“Macro” VP choice — Will 2008 Democrats dare?

Mark Shields's picture

MANCHESTER, N.H. — Every presidential nominee in choosing his (or her) vice presidential running mate follows either micro-politics or macro-politics.

Practicing micro-politics would mean the 2008 Democratic nominee picks a popular governor or senator from a battleground home state, which could put that state in the party’s column.

While under macro-politics, the VP candidate might not personally deliver the electoral votes of a key state, but instead that selection could send a larger message about the presidential nominee.

Two “macro” examples, more than 40 years apart: In 1960, Democrat John F. Kennedy advertised his own self-confidence by asking his principal challenger, the far more experienced Lyndon B. Johnson, to run with him. In 2000, Republican George W. Bush addressed his own obvious lack of foreign policy and national security experience by enlisting former Defense Secretary and White House Chief of Staff Dick Cheney.

This all came to mind at last Saturday night’s New Hampshire Democrats’ Jefferson-Jackson dinner, where the main speaker — who understood that the crowd’s interest was elsewhere — began by telling his audience he had no intention of becoming “one piece of road kill between a thousand fans and the Red Sox,” who were facing elimination in that night’s game.

Still, he repeatedly managed to bring the crowd to its feet with a populist summons to fight for “economic justice and social fairness in an era where far too much power and money has gravitated to the very top,” when “the top 1 percent now takes in an astounding 21 percent in national income, up from 8 percent in 1980” and “where 1 percent of the people own more than half of our stocks.”

Referring to his own “common-sense” effort to require “our troops to be able to spend as much time at home as they do in Iraq or Afghanistan,” he spoke from a personal perspective very few in either party share: “As someone who knows what it’s like to have a dad deploy, and what it’s like to be deployed, and what it’s like to have a son deployed ... all I can say is that the present policy is inexcusable.”

Thus spoke first-term U.S. Sen. Jim Webb of Virginia, who would represent the ultimate “macro” vice presidential decision for a nominee brave and daring enough to persuade him to do it.

Let’s look at the record.
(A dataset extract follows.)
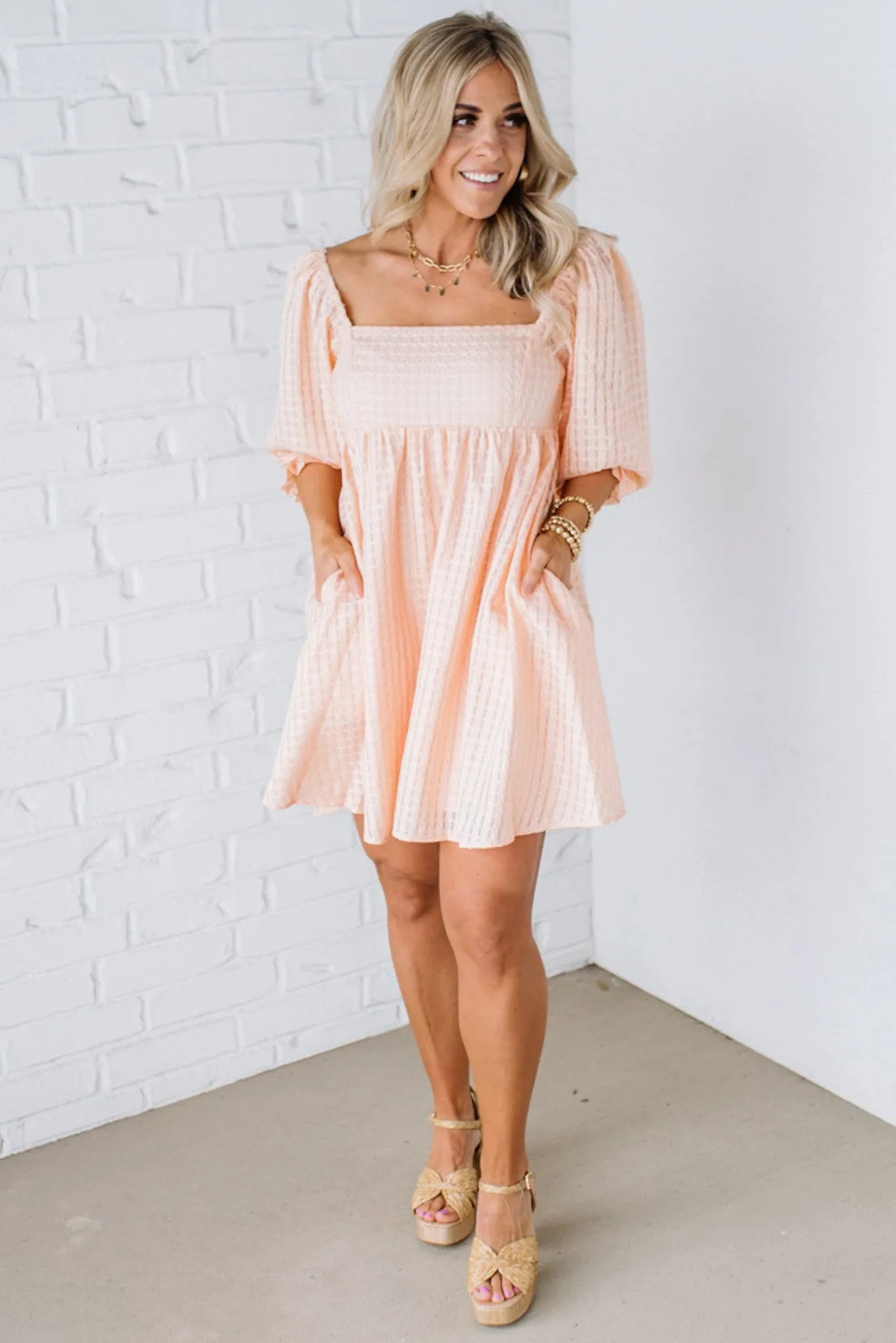 Brinley Textured Babydoll Dress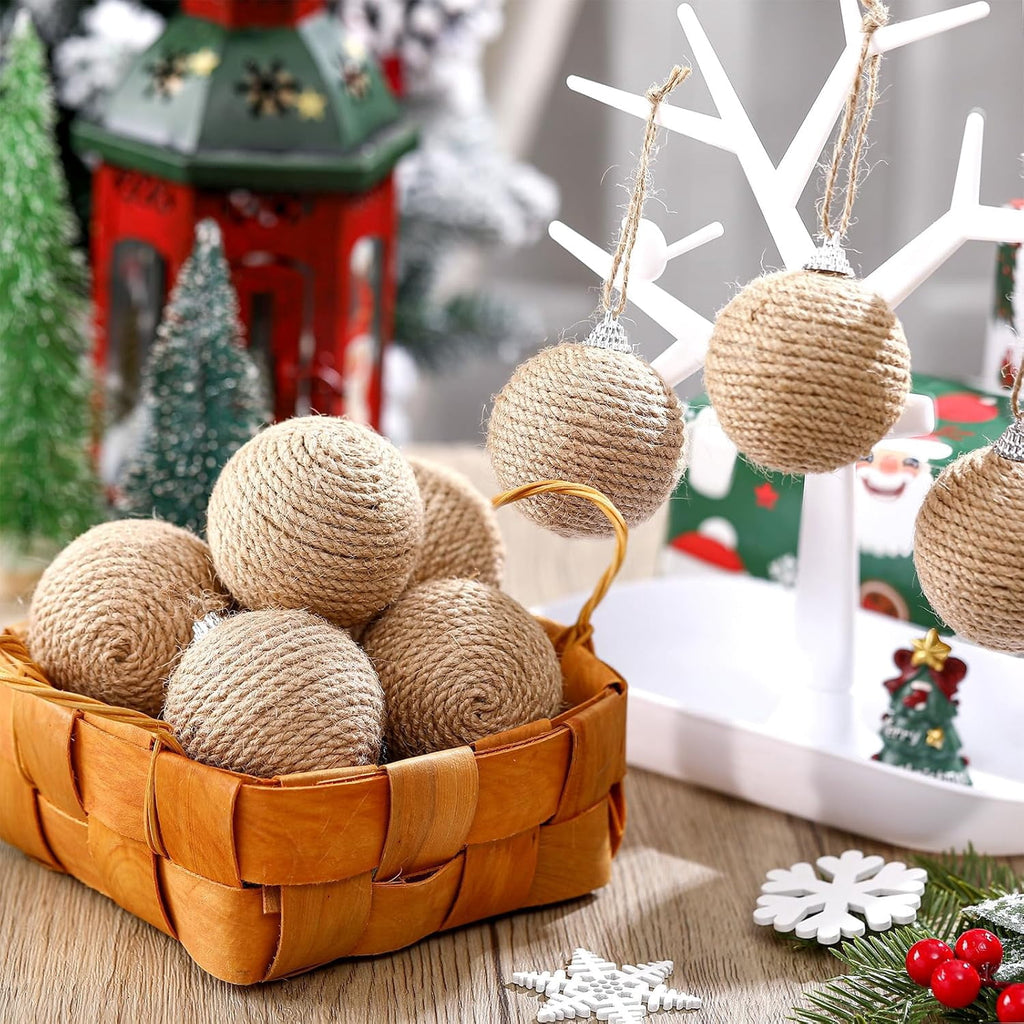 9Pcs 9 Pcs 2.36 Inch Christmas Ball Ornaments Farmhouse Jute Rope Hanging Balls Burlap Neutral Rustic Ornaments for Xmas Tree Holiday Wreath Garland Wedding Home(White,Beige,Dark Brown)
A 1968 graduate of the U.S. Naval Academy, Webb chose the Marine Corps and went to Vietnam, where he led a rifle platoon and was a company commander in the dangerous An Hoa Basin.

There, in combat, he earned the Navy Cross, the Silver Star, two Bronze Stars, and two Purple Hearts. Seriously wounded, he left the Corps, went to law school, wrote six best-sellers, including the memorable war novel “Fields of Fire,” was named Ronald Reagan’s secretary of the navy, and became an Emmy award-winning journalist, a screenwriter and a movie producer. Renaissance Marine, anyone?

Nobody was more right about Iraq. On Sept. 4, 2002, six months before the war began, Webb wrote in The Washington Post: “The issue before us is not simply whether the United States should end the regime of Saddam Hussein, but whether we as a nation are prepared to physically occupy territory in the Middle East for the next 30 to 50 years. Those who are pushing for a unilateral war in Iraq know full well there is no exit strategy.”

To those with visions of a MacArthurian regency in Baghdad, Webb noted: “In Japan, American occupation forces quickly became 50,000 friends. In Iraq, they would quickly become 50,000 terrorist targets.” Sept. 4, 2002!

A Jacksonian Democrat who, unlike so many in his party, does not hesitate to criticize and vote against Wall Street’s agenda, Webb in a year when “authenticity” is what voters reportedly crave is real.

He makes many colleagues uncomfortable by chronically speaking truth to power. Very much his own man, he probably does not have the right temperament or disposition to be the quintessential “team player” VP. But if Democrats want a leader, Webb could be the man.